→ **WHAT THE TASK ASKS**: Transcribe every line of the material below without change, apart from dropping the pictures.

→ **RECORDS**:
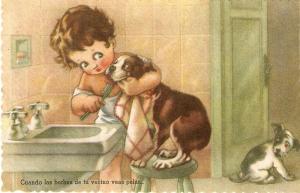 \Child cleaning teeths to Dog\ Very nice Spanish Postcard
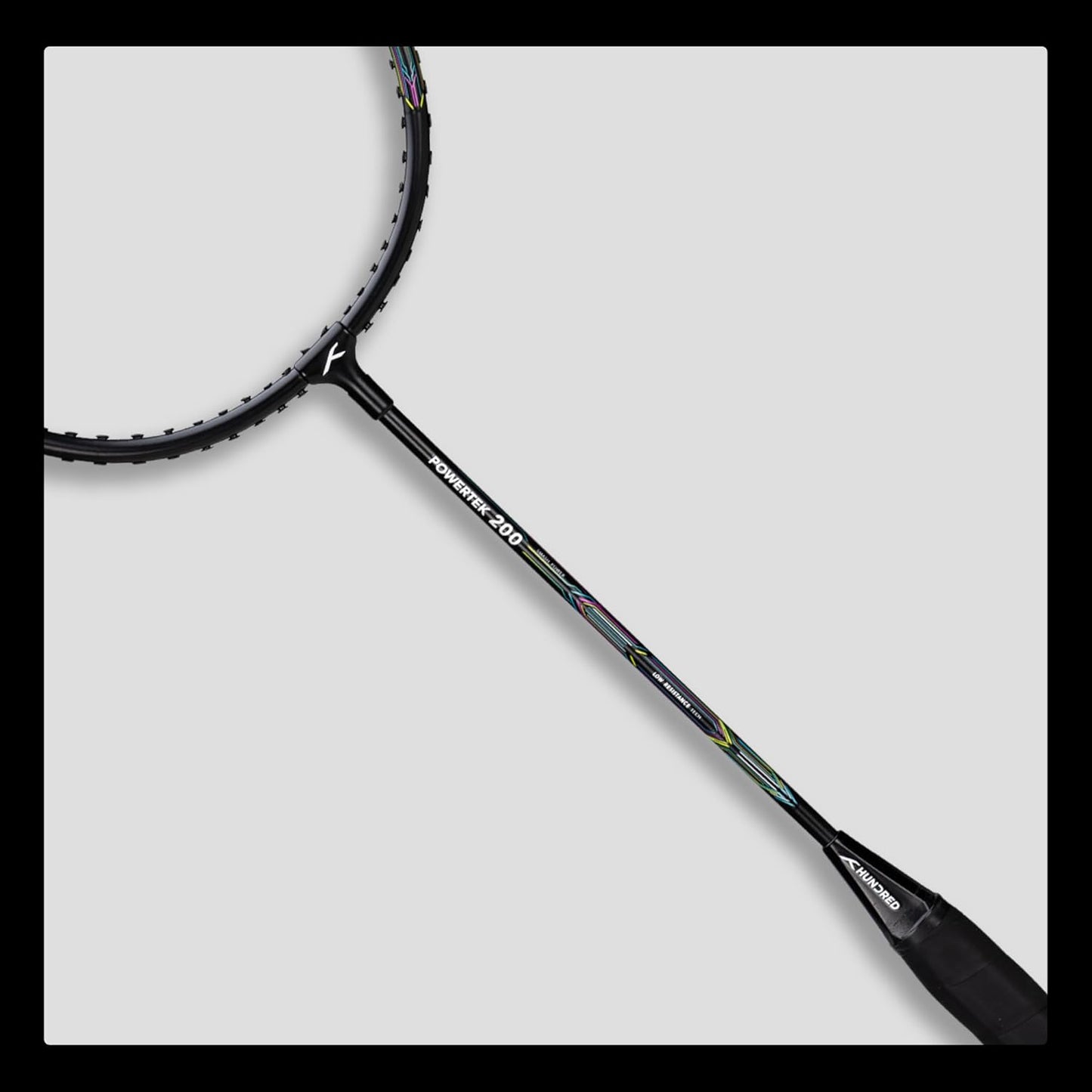 HUNDRED Powertek 200 PRO Strung Badminton Racquet with Head Cover | Material: Aluminium | Intermediate Level | Weight: 95gm | Maximum String Tension- 18-20lbs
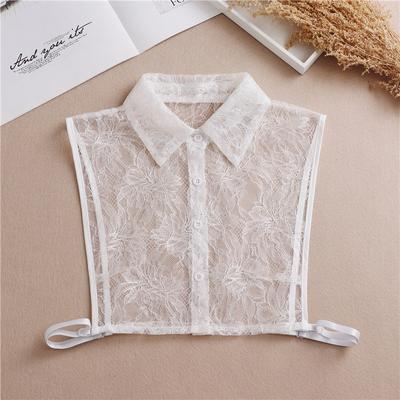 Damen Chiffon Fake Kragen Damen Dünne Spitze Hohl Abnehmbarer Kragen Halbes Hemd Revers Falscher Kragen Damen Bluse Tops Dekoration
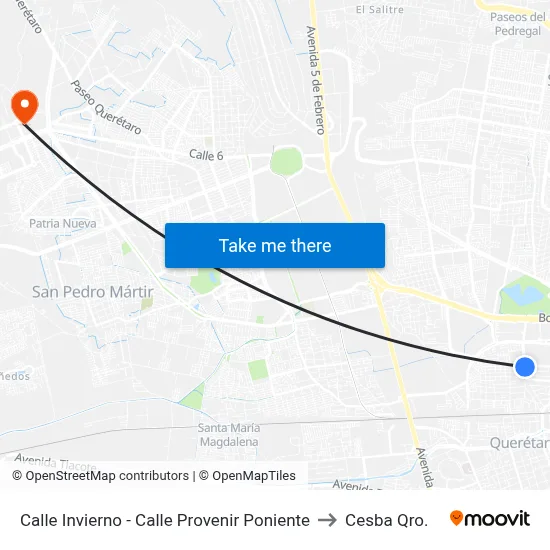 Calle Invierno - Calle Provenir Poniente to Cesba Qro. map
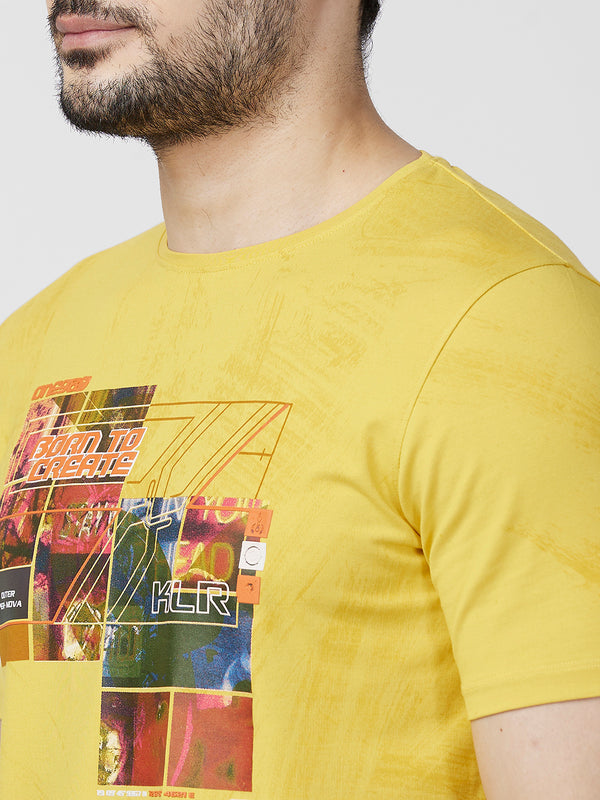 Killer Men Musturd Printed Slim Fit T-Shirts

→ **TASK SOLUTION**:
 \Child cleaning teeths to Dog\ Very nice Spanish Postcard
 HUNDRED Powertek 200 PRO Strung Badminton Racquet with Head Cover | Material: Aluminium | Intermediate Level | Weight: 95gm | Maximum String Tension- 18-20lbs
 Damen Chiffon Fake Kragen Damen Dünne Spitze Hohl Abnehmbarer Kragen Halbes Hemd Revers Falscher Kragen Damen Bluse Tops Dekoration
 Calle Invierno - Calle Provenir Poniente to Cesba Qro. map
 Killer Men Musturd Printed Slim Fit T-Shirts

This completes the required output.